To do
Retype, word for word, the line holding "20037a_ Rainbow (Ολικό" and each line after it down to the end of the data; pictures are not copied.

(Captioned web images)
"""
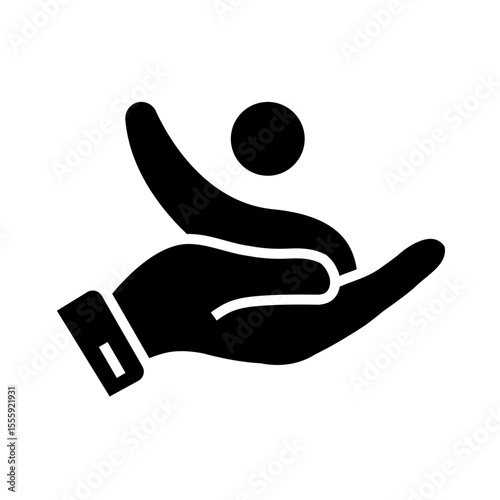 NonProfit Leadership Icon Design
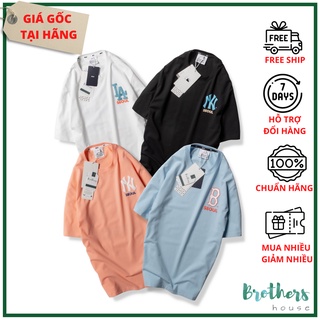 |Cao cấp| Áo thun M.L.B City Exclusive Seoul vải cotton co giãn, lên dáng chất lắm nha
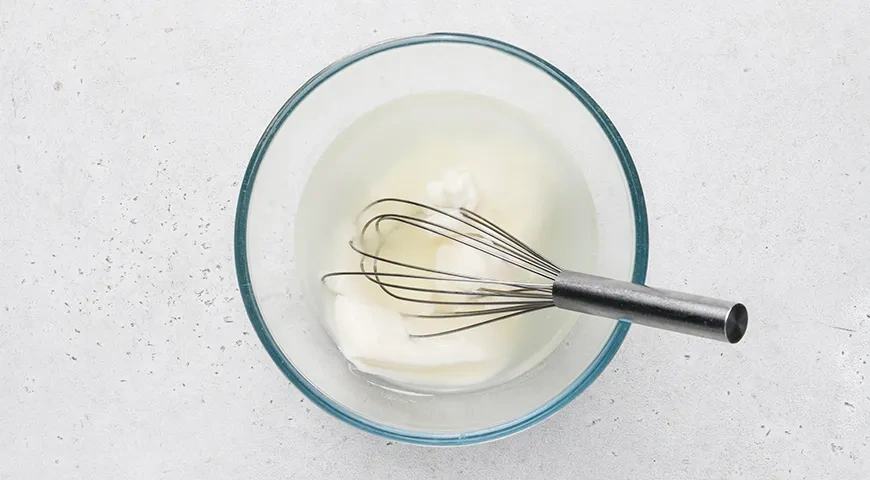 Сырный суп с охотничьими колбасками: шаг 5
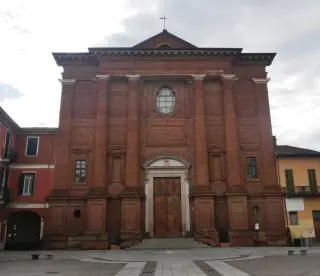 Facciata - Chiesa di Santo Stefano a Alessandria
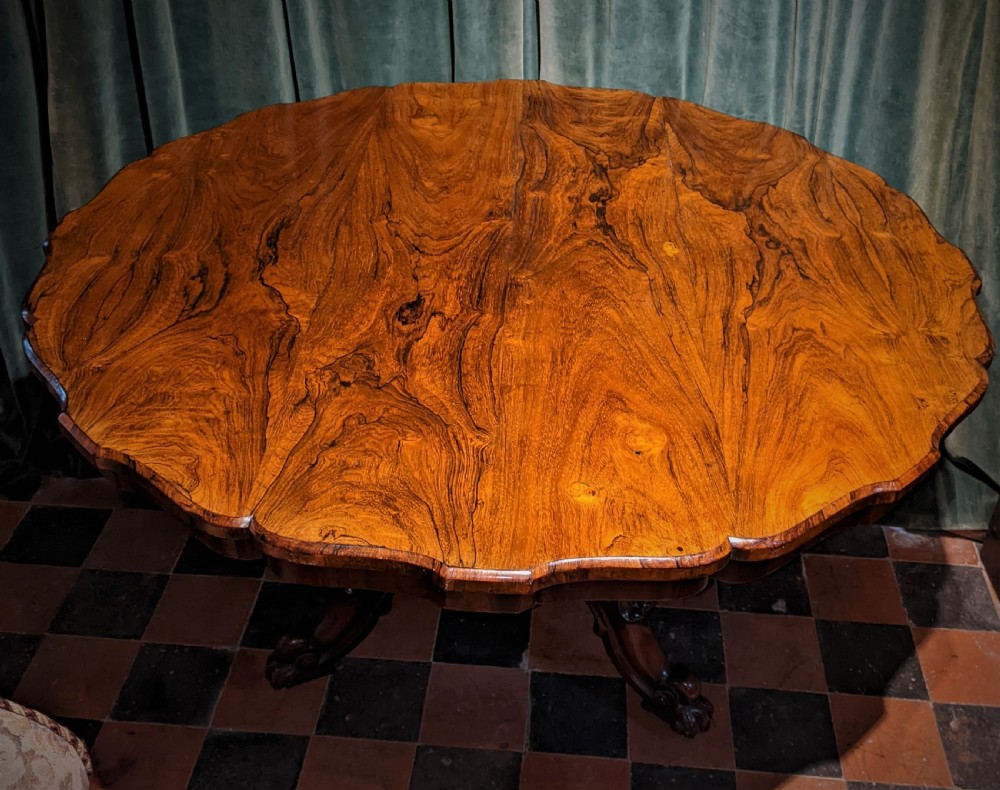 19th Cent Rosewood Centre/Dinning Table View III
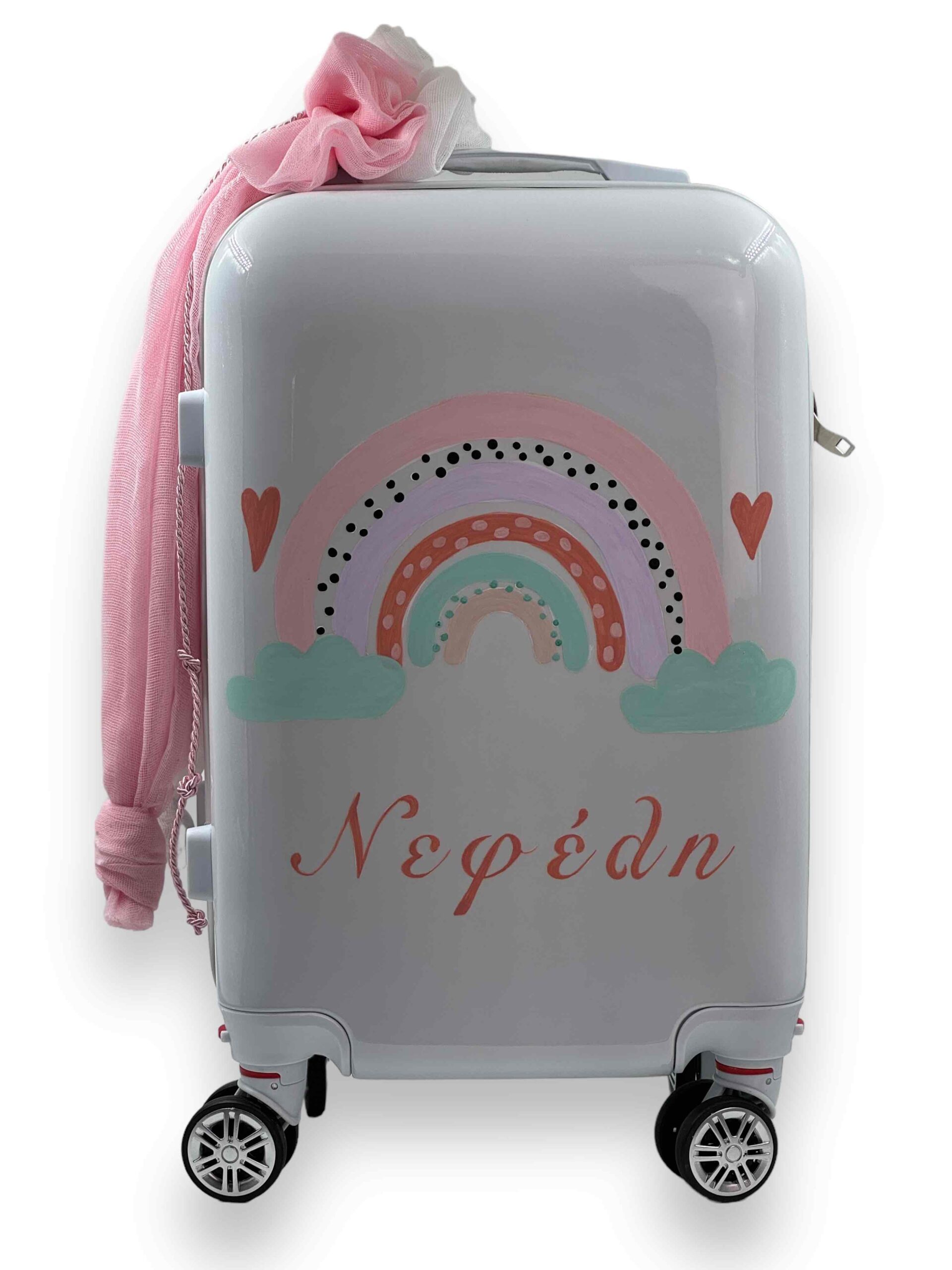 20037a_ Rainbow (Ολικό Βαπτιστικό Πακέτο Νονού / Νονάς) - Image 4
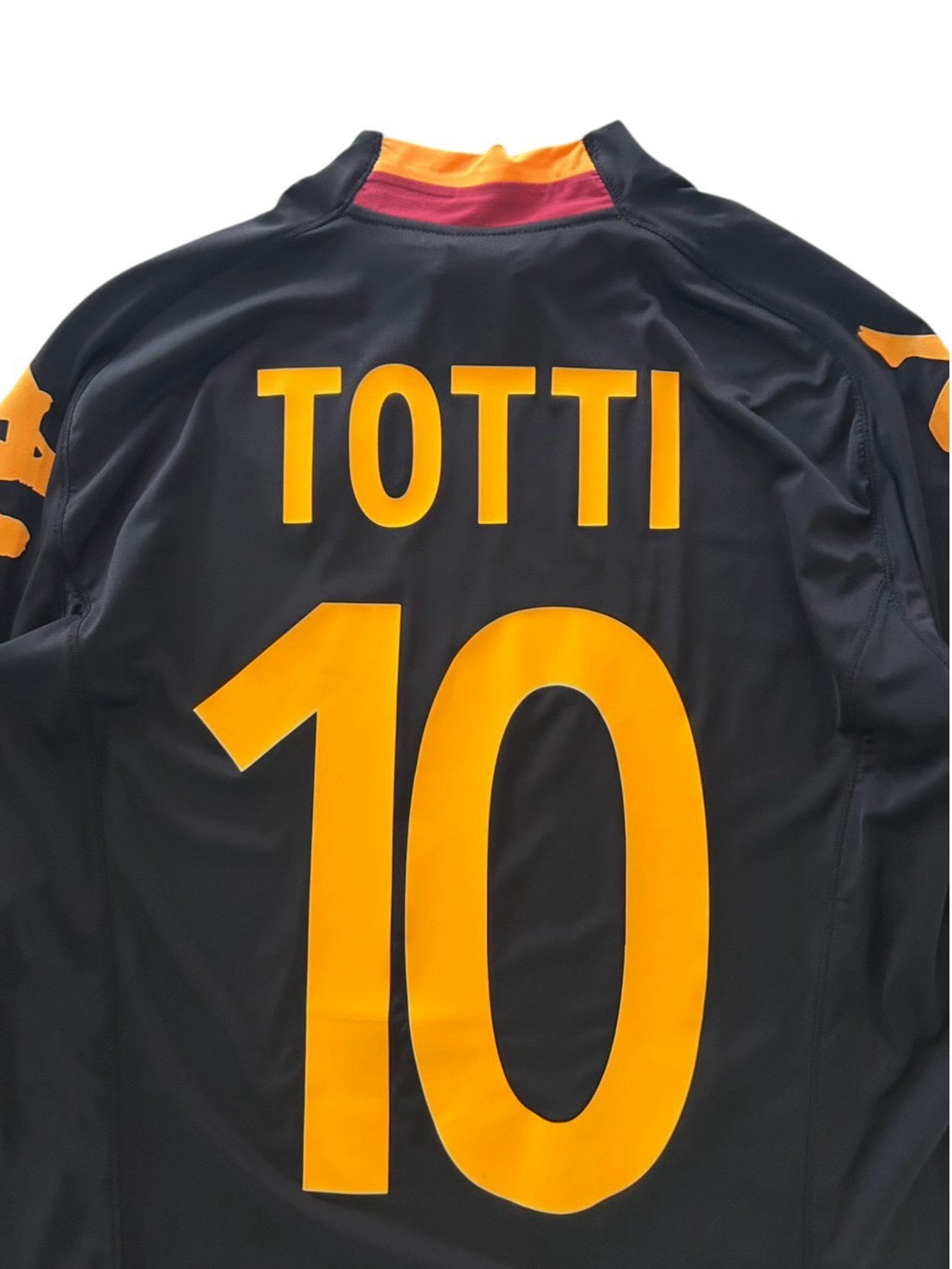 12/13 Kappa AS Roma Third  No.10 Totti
"""
Response to the exercise
 20037a_ Rainbow (Ολικό Βαπτιστικό Πακέτο Νονού / Νονάς) - Image 4
 12/13 Kappa AS Roma Third  No.10 Totti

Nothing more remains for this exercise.